Manifestação “Acorda Brasil” foi realizada neste domingo, 1º de março de 2026, na Avenida Paulista, em São Paulo. O ato foi convocado pelo deputado federal Nikolas Ferreira (PL-MG) e teve como mote “Fora, Lula, Moraes e Toffoli”. O protesto fez críticas ao presidente Luiz Inácio Lula da Silva e aos ministros do Supremo Tribunal Federal (STF). As informações são da Folha de S. Paulo.
Os vereadores de Rio Preto Felipe Alcalá e Eduardo Viana Tedeschi também participaram da manifestação realizada na Avenida Paulista. Ambos estiveram presentes no ato ao lado de lideranças nacionais e apoiadores.

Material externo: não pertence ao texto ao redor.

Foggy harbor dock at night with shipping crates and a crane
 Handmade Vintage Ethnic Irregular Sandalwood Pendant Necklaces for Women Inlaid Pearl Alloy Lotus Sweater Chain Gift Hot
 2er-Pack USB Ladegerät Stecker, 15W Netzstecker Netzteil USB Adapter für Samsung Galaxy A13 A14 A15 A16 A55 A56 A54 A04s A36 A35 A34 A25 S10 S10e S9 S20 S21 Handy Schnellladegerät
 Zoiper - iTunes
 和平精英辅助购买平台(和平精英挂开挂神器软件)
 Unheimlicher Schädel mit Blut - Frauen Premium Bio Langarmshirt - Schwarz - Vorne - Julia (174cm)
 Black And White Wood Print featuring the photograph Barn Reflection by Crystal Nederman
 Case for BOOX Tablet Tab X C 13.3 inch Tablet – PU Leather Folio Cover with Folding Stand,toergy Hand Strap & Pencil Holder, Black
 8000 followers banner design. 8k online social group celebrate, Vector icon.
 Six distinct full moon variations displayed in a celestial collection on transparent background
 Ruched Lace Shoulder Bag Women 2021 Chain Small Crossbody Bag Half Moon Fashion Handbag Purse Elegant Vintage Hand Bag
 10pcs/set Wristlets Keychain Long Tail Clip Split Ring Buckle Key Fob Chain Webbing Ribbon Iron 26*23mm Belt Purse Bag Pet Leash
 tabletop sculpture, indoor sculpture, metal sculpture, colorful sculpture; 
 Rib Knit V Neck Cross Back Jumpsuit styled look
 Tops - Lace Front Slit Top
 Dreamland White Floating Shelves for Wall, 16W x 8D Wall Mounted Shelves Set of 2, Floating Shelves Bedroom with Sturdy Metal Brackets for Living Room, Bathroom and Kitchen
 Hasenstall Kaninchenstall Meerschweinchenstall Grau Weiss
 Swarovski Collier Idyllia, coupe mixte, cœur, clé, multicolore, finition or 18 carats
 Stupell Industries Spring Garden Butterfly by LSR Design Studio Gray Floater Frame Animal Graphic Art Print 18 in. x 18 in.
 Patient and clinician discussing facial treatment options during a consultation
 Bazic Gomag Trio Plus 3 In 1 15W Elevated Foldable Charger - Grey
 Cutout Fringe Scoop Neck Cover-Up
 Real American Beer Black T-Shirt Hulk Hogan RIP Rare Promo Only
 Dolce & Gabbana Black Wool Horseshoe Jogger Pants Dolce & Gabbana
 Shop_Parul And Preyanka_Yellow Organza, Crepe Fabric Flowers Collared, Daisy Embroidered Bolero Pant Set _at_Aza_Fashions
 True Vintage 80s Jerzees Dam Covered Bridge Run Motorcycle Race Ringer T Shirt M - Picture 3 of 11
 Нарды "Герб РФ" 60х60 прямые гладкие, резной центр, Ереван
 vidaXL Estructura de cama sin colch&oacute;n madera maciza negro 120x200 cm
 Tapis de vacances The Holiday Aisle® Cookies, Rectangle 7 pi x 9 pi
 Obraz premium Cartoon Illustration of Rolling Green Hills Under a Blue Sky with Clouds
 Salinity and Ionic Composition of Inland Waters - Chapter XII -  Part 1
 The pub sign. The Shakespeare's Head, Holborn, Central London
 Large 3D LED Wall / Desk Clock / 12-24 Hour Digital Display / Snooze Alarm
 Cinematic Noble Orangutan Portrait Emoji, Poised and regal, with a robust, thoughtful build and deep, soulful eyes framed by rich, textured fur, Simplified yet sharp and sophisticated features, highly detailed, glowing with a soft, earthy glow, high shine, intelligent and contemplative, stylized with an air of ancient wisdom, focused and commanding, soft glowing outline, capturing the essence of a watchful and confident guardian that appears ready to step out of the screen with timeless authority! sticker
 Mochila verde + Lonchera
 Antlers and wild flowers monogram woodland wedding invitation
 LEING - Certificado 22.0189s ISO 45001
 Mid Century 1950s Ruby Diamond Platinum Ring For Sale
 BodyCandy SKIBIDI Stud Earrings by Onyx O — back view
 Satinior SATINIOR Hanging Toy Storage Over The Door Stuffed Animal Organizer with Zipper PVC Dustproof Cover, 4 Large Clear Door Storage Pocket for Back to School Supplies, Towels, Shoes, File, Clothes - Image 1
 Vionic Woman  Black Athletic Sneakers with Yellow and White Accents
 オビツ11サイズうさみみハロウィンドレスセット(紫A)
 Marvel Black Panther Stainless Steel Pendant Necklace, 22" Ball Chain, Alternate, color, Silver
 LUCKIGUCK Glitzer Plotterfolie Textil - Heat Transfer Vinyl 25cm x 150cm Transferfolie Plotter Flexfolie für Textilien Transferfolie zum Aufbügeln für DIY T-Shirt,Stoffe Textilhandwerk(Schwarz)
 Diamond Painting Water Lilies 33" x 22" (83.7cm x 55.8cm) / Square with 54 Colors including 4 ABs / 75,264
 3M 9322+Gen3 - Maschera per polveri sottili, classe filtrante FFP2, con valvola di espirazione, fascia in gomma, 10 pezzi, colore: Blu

De acordo com o Monitor do Debate Político da USP, o público estimado no pico da manifestação foi de 20,4 mil pessoas, com variação entre 18 mil e 22,9 mil participantes. O número é inferior ao registrado no ato de 7 de setembro de 2025, que reuniu mais que o dobro de pessoas. O custo do trio elétrico foi estimado em cerca de R$ 130 mil, valor arrecadado por meio de financiamento coletivo coordenado por Tomé Abduch.

Entre as principais pautas do ato estavam a defesa da liberdade do ex-presidente Jair Bolsonaro, o pedido de anistia aos presos pelos ataques de 8 de janeiro de 2023 e a defesa do impeachment de ministros do STF que, segundo os manifestantes, descumprirem a lei. Também houve críticas ao governo federal, com foco na carga tributária, apelidando o ministro da Fazenda, Fernando Haddad, de “Taxad”, além de questionamentos sobre gastos com luxo e uso do cartão corporativo.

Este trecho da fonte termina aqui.